Materials provided:
□ □ □
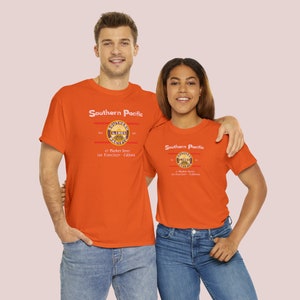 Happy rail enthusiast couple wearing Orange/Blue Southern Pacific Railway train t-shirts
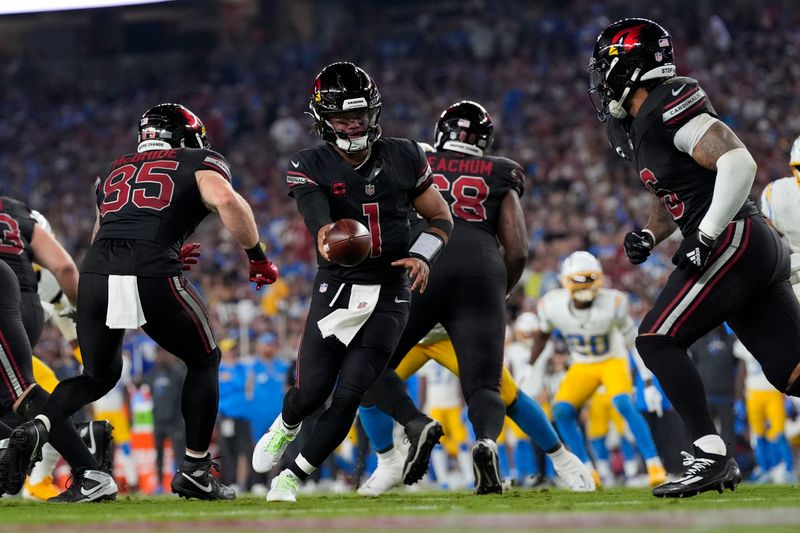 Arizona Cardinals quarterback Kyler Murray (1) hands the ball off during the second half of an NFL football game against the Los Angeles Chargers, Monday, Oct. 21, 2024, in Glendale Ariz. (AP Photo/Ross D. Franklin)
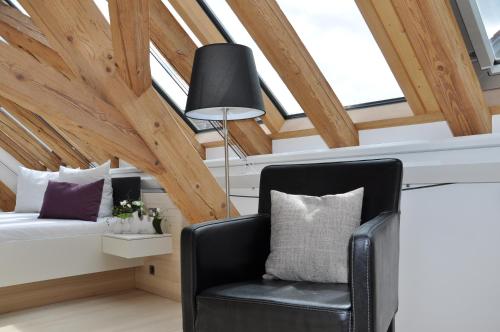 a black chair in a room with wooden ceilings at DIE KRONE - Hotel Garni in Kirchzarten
□ □ □
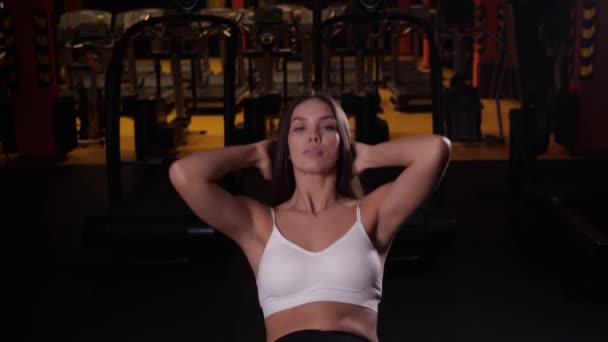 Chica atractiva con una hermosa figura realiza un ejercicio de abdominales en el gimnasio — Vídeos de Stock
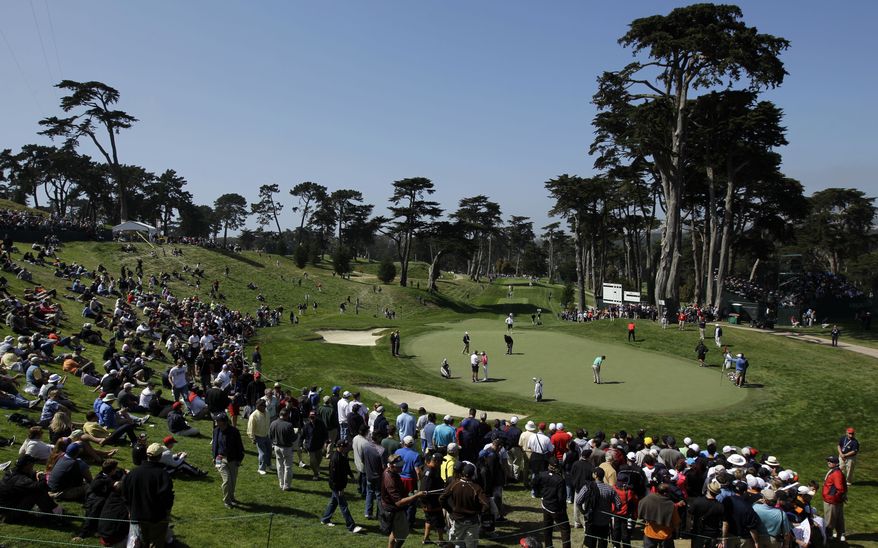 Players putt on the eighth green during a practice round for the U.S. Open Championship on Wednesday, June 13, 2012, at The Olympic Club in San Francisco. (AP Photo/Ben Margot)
□ □ □
Work request: Between and including the line above that contains "Happy rail enthusiast" and the line that contains "a black chair", restate every line word for word. Pictures stay out.

Result of this exercise:
 Happy rail enthusiast couple wearing Orange/Blue Southern Pacific Railway train t-shirts
 Arizona Cardinals quarterback Kyler Murray (1) hands the ball off during the second half of an NFL football game against the Los Angeles Chargers, Monday, Oct. 21, 2024, in Glendale Ariz. (AP Photo/Ross D. Franklin)
 a black chair in a room with wooden ceilings at DIE KRONE - Hotel Garni in Kirchzarten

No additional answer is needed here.